DATA SHOWN
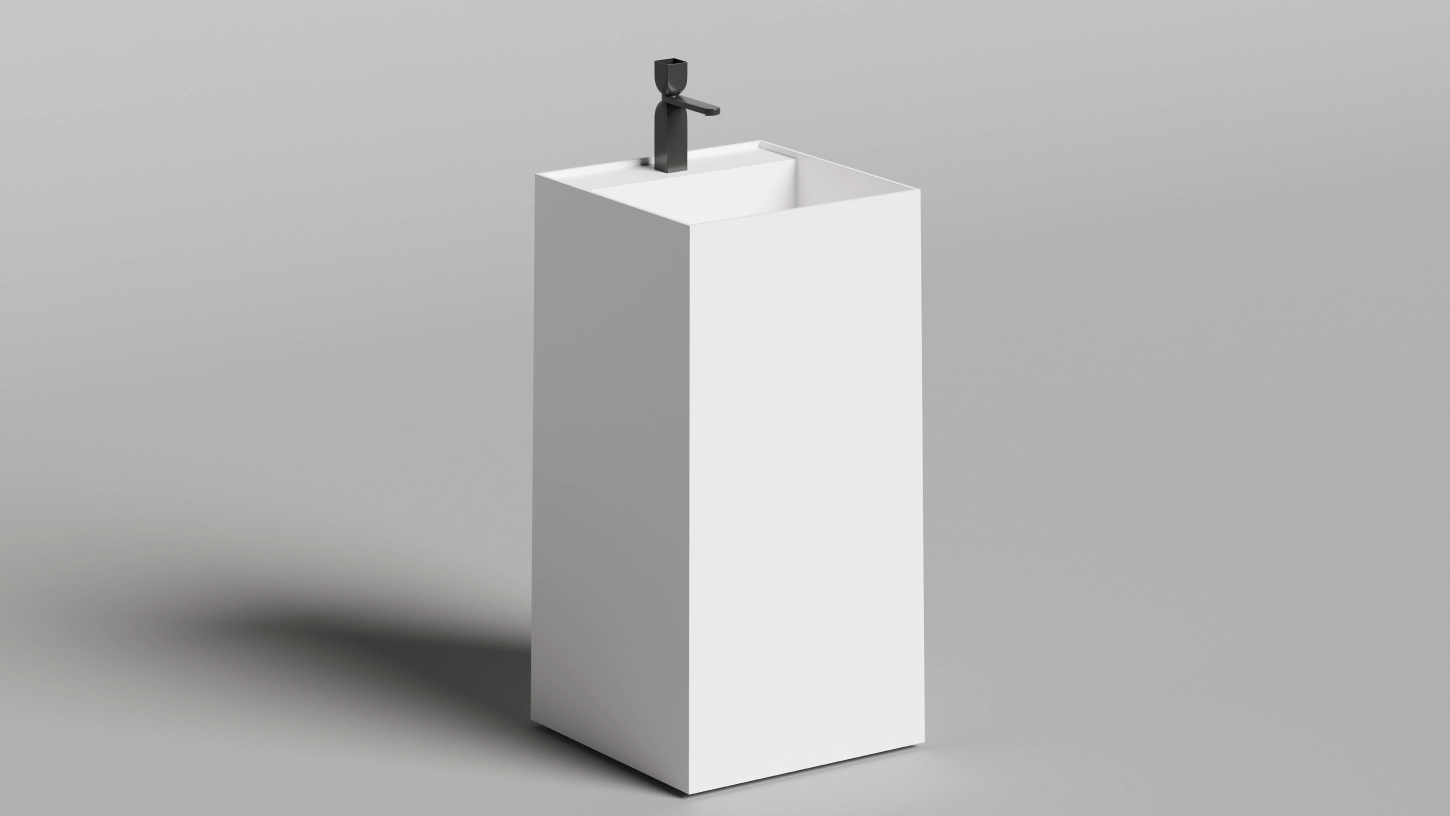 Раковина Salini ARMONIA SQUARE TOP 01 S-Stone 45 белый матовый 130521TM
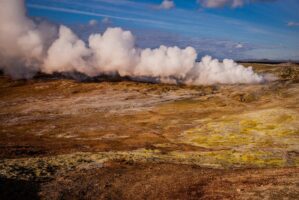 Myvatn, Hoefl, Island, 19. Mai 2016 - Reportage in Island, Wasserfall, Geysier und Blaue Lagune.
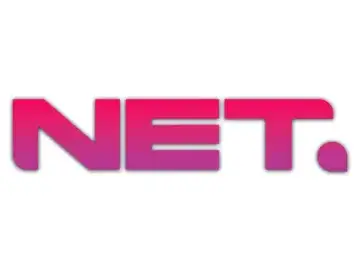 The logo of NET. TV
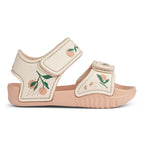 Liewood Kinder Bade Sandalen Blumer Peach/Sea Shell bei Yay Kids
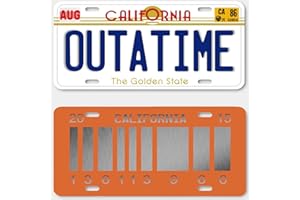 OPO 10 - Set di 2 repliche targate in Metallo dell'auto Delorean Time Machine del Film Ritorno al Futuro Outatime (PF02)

THE TASK
In the records above, find the line containing "Liewood Kinder Bade", then write out exactly that line and every later one through the last, omitting pictures.

ANSWER
 Liewood Kinder Bade Sandalen Blumer Peach/Sea Shell bei Yay Kids
 OPO 10 - Set di 2 repliche targate in Metallo dell'auto Delorean Time Machine del Film Ritorno al Futuro Outatime (PF02)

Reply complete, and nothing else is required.